Londres (awp/afp) - Le pouvoir d'achat des Britanniques continue d'être écrasé par une inflation accélérée, d'après des données officielles publiées mercredi, une situation qui risque de durer avec le Brexit en toile de fond.

Entre juin et août, les salaires des Britanniques (primes comprises) ont baissé en termes réels de 0,3% sur un an, a annoncé l'Office des statistiques nationales (ONS). Les salaires nominaux ont certes augmenté de 2,2% sur un an, mais les prix ont grimpé plus vite pendant cette période.

Depuis plusieurs mois, la hausse des prix est dopée en effet par la dégringolade de la livre sterling à la suite de la décision des Britanniques de quitter l'UE lors du référendum du 23 juin 2016. Cette dépréciation renchérit les produits importés, ce qui pèse sur le portefeuille des ménages.

L'inflation a atteint 3% en septembre sur un an pour la première fois depuis avril 2012, a annoncé l'ONS mardi. La Banque d'Angleterre prévoit que ce taux devrait atteindre son pic en octobre ou novembre, avant de refluer.

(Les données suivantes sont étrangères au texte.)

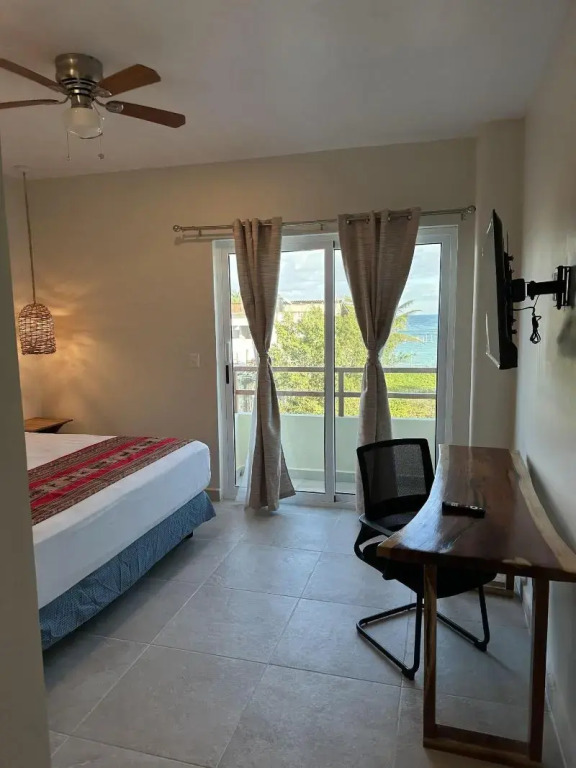 Oneiro Suites
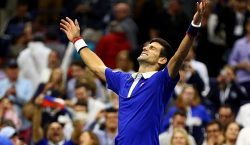 Australian Open 2023 results: Novak Djokovic beats Andrey Rublev &…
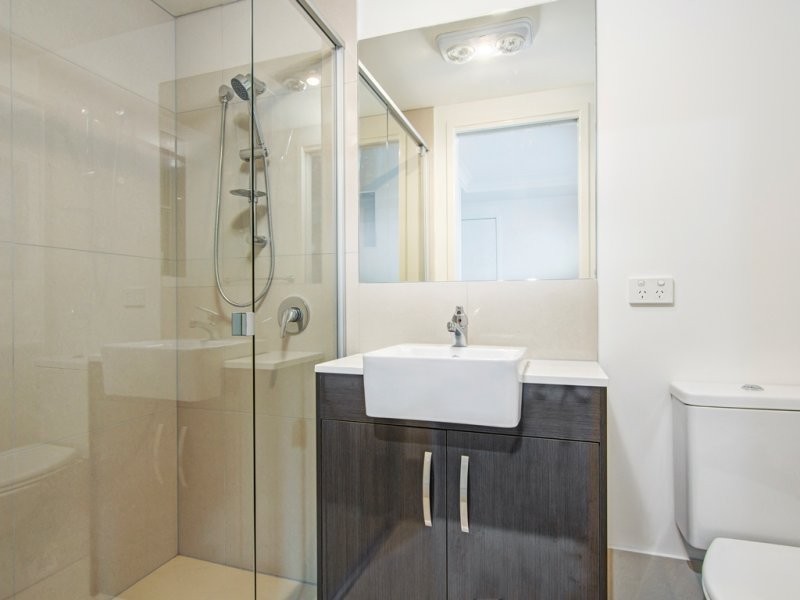 Unit 2/7 Gosford Street, Mount Gravatt QLD 4122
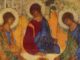 Rublev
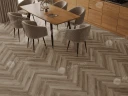 Ламинат Alpine floor Herringbone 12 PRO LF106-14 Пикардия на otdelka1.ru
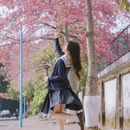 广州旅游 缩略图 1
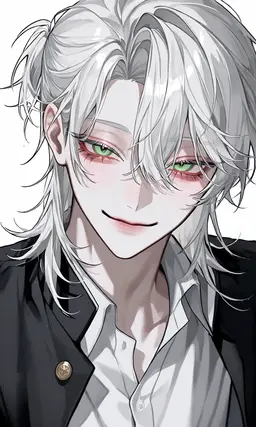Profile image of 雪翔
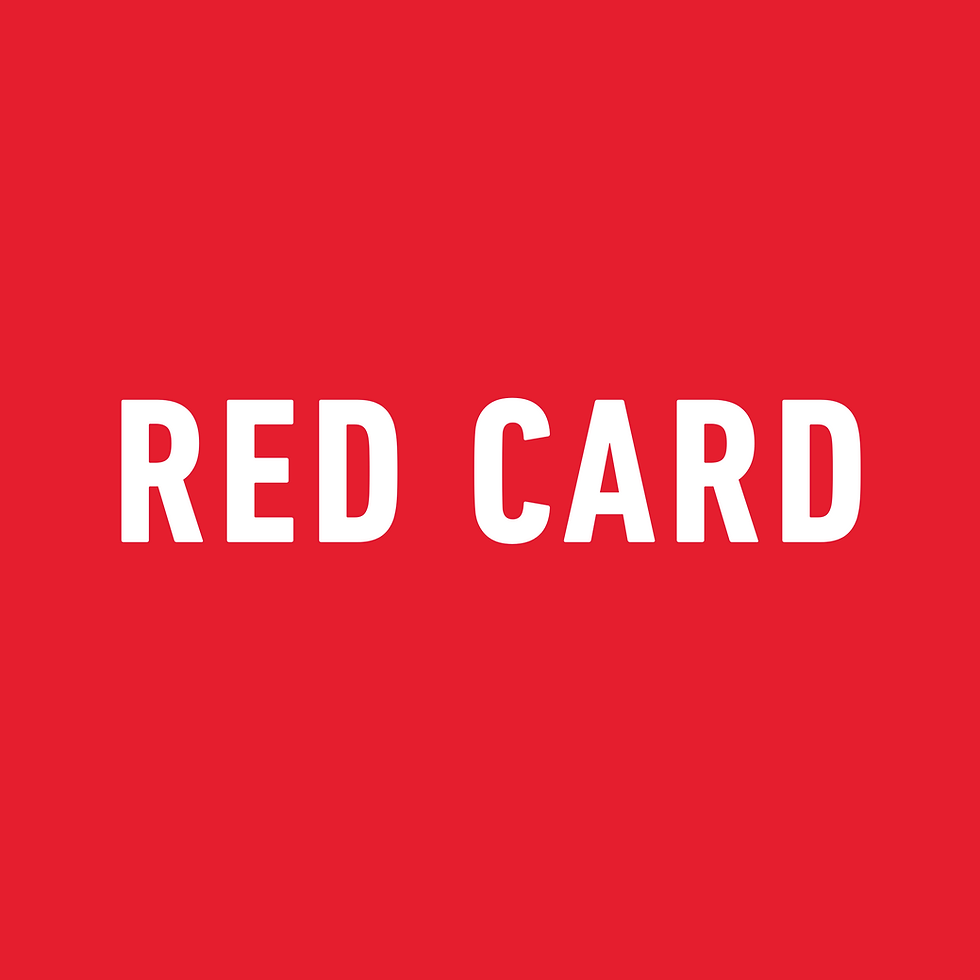 RED CARD GLOBAL.png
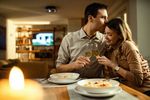 
 Reviewing and checking the reliability of a dating services
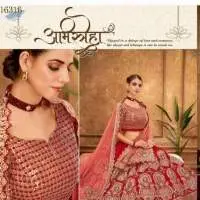 Mves-Prashvi Seriesmoh-16316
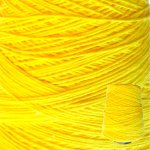 5-nature-cono-4128-amarillo-f 5-nature-cono-4128-amarillo-f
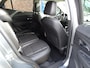 Opel Mokka X 1.4 Turbo Innovation TREKHAAK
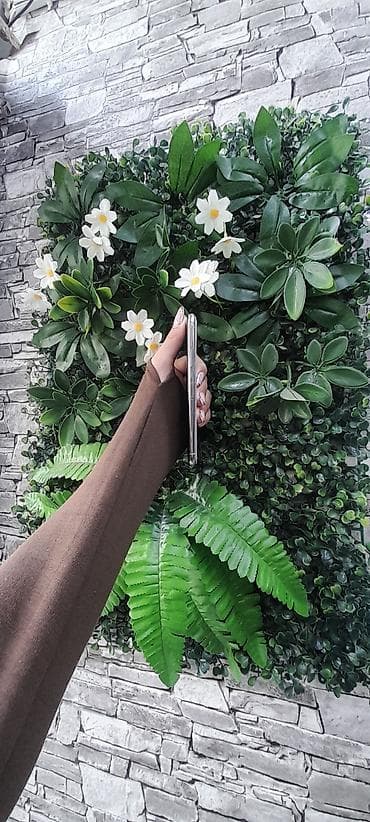 nokia 8800 carbon: IPhone X, 64 ГБ, Белый, Face ID — 2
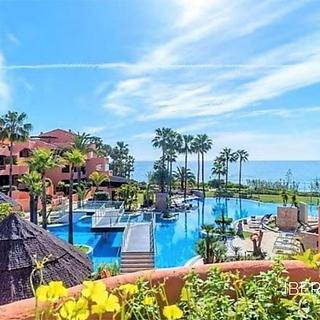 Prodej bytu 3+kk, 110m&sup2;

Mais "l'écart entre l'inflation et la croissance des salaires devrait rester bien large pendant un moment", a prévenu James Smith, économiste chez ING, qui prévoit un impact négatif sur la consommation des ménages.

Certains économistes restent surpris du fait que les salaires ne soient pas davantage soutenus par la faiblesse du chômage, un facteur qui tend normalement à aider les salariés à obtenir de meilleures rémunérations.

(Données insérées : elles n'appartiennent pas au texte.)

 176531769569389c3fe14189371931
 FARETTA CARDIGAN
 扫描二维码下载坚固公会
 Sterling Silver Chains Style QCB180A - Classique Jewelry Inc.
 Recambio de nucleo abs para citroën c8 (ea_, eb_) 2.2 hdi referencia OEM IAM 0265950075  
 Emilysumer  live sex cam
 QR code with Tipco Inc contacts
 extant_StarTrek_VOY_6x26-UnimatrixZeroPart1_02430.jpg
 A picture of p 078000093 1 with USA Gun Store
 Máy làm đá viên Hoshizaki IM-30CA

Le chômage reste en effet à son plus faible niveau depuis 1975, à 4,3% entre juin et août.

- Passe d'armes au Parlement -

"Le chômage a beau être au plus bas, le Royaume-Uni a un problème persistant avec la croissance des salaires. Cela s'explique en bonne part par les +trois P+: productivité, payes du secteur public et pensions", a expliqué Laith Khalaf, analyste chez Hargreaves Lansdown.

Côté productivité, l'Office public de responsabilité budgétaire (OBR) a noté la semaine dernière qu'elle restait faible au Royaume-Uni. Il a souligné que les entreprises avaient ces dernières années eu tendance à embaucher davantage de salariés en profitant du faible coût du travail d'un côté, mais à réduire leurs investissements en capital de l'autre.

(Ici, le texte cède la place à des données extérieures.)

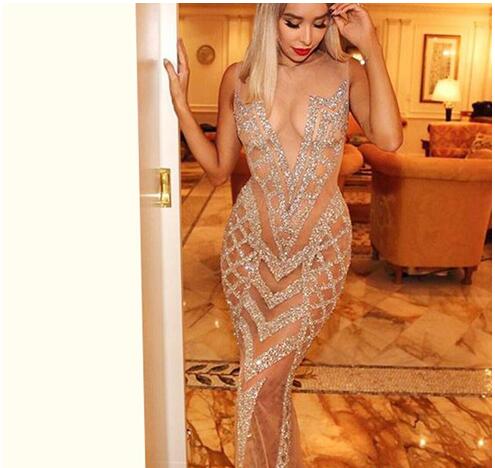 super hot dresses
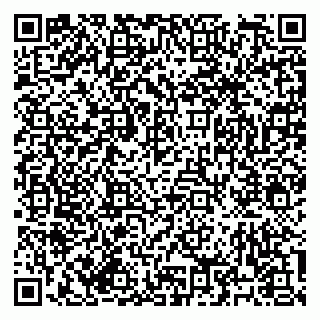 vCard 79182268305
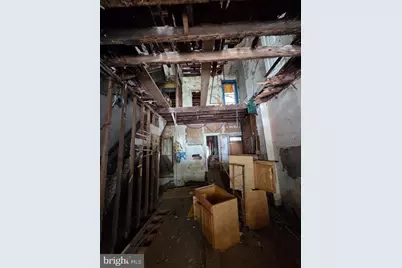 4245 Lancaster Avenue, Philadelphia, PA 19104 - Photo 2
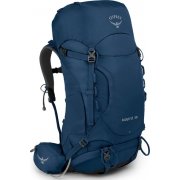 Рюкзак Osprey Kestrel 38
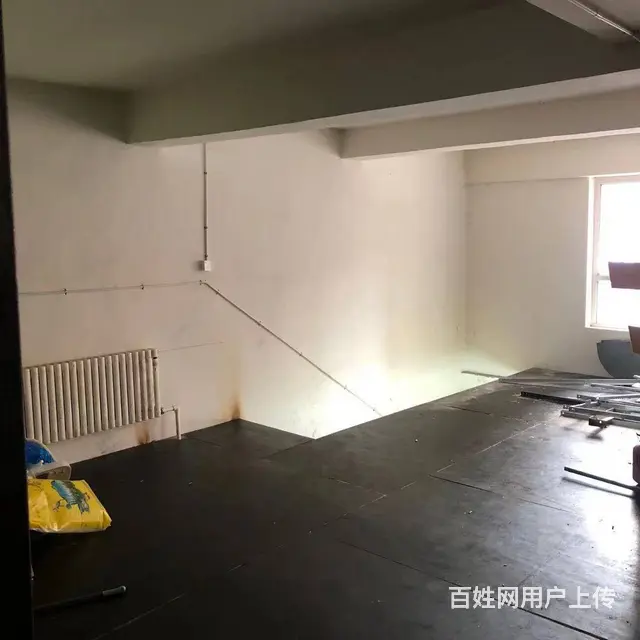 【搞定了！】南岗区测绘路学府经典底商出租 - 图片 4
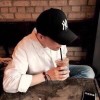分享者頭像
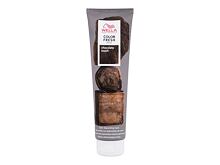 Coloration cheveux Wella Professionals Color Fresh Mask 150 ml Chocolate Touch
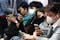 Telcos Ready To Block More Sites Promoting Violence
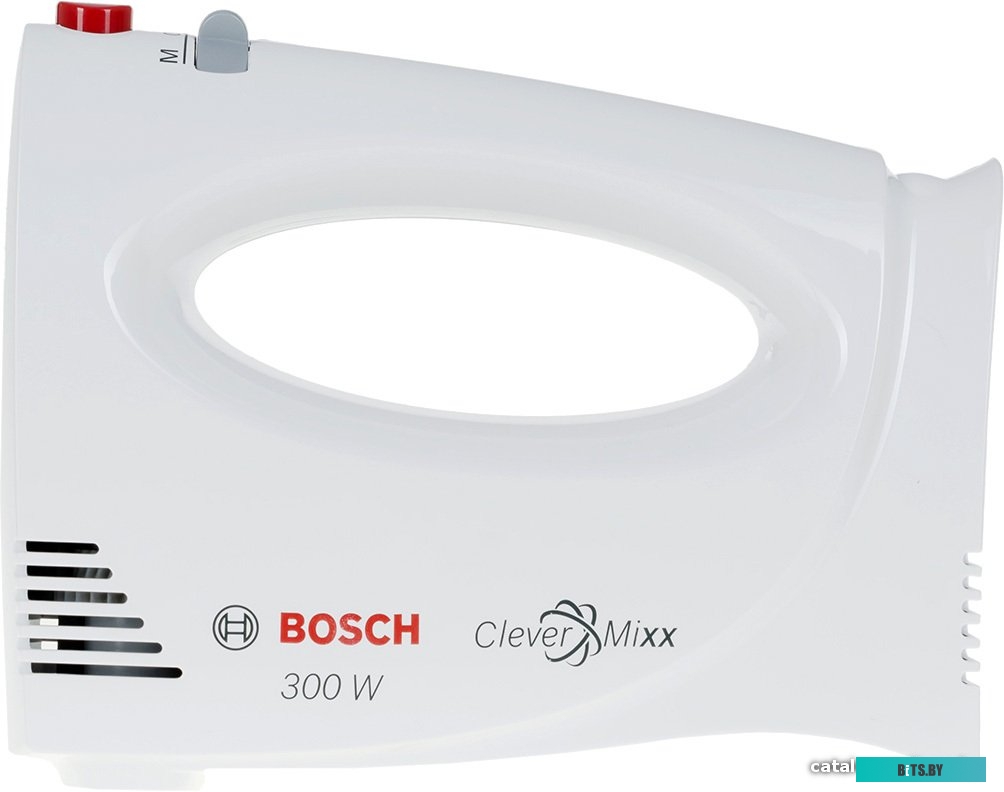 MFQ3010 Миксер Bosch MFQ 3010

Les près de 5,5 millions de salariés du secteur public voient pour leur part leurs hausses de salaires limitées à 1% par an depuis 2013, en vertu d'une stricte discipline budgétaire fixée par le gouvernement conservateur - malgré l'introduction prévue d'une certaine souplesse pour les forces de sécurité.

D'après M. Khalaf, de nouvelles obligations fixées aux employeurs pour les retraites ont en outre réduit les fonds disponibles pour les salaires.

Le gouvernement reconnaît l'existence d'un problème mais juge faire beaucoup, entre réduction de l'impôt sur le revenu, gel des taxes sur l'essence, hausses du salaire minimum et des aides à la petite enfance.

Pas suffisant aux yeux du dirigeant du Parti Travailliste, Jeremy Corbyn, qui a défié avec véhémence la Première ministre conservatrice, Theresa May, à ce sujet mercredi à la Chambre des Communes. Le leader de la gauche a mis en avant le cas d'une employée de magasin, Christine, "qui n'a plus assez d'argent pour simplement payer l'essence de sa voiture".

"Une productivité toujours faible, combinée à une chute des salaires réels, sape les niveaux de vie" des Britanniques, a constaté aussi la principale organisation patronale, la CBI qui appelle le ministre des Finances à "agir" à l'occasion de la présentation du budget le 22 novembre.

Le gouvernement est déjà sous la pression de difficiles négociations avec Bruxelles sur le Brexit, et garde ouverte l'option d'une absence d'accord commercial entre le Royaume-Uni et l'UE.

Dans cette hypothèse qui imposerait un passage aux règles minimales de l'OMC entre Londres et Bruxelles, l'association Resolution Foundation a calculé que la hausse induite des produits alimentaires, des vêtements et des voitures amputerait de 260 livres en moyenne le budget des ménages, dont les moins riches seraient les plus touchés.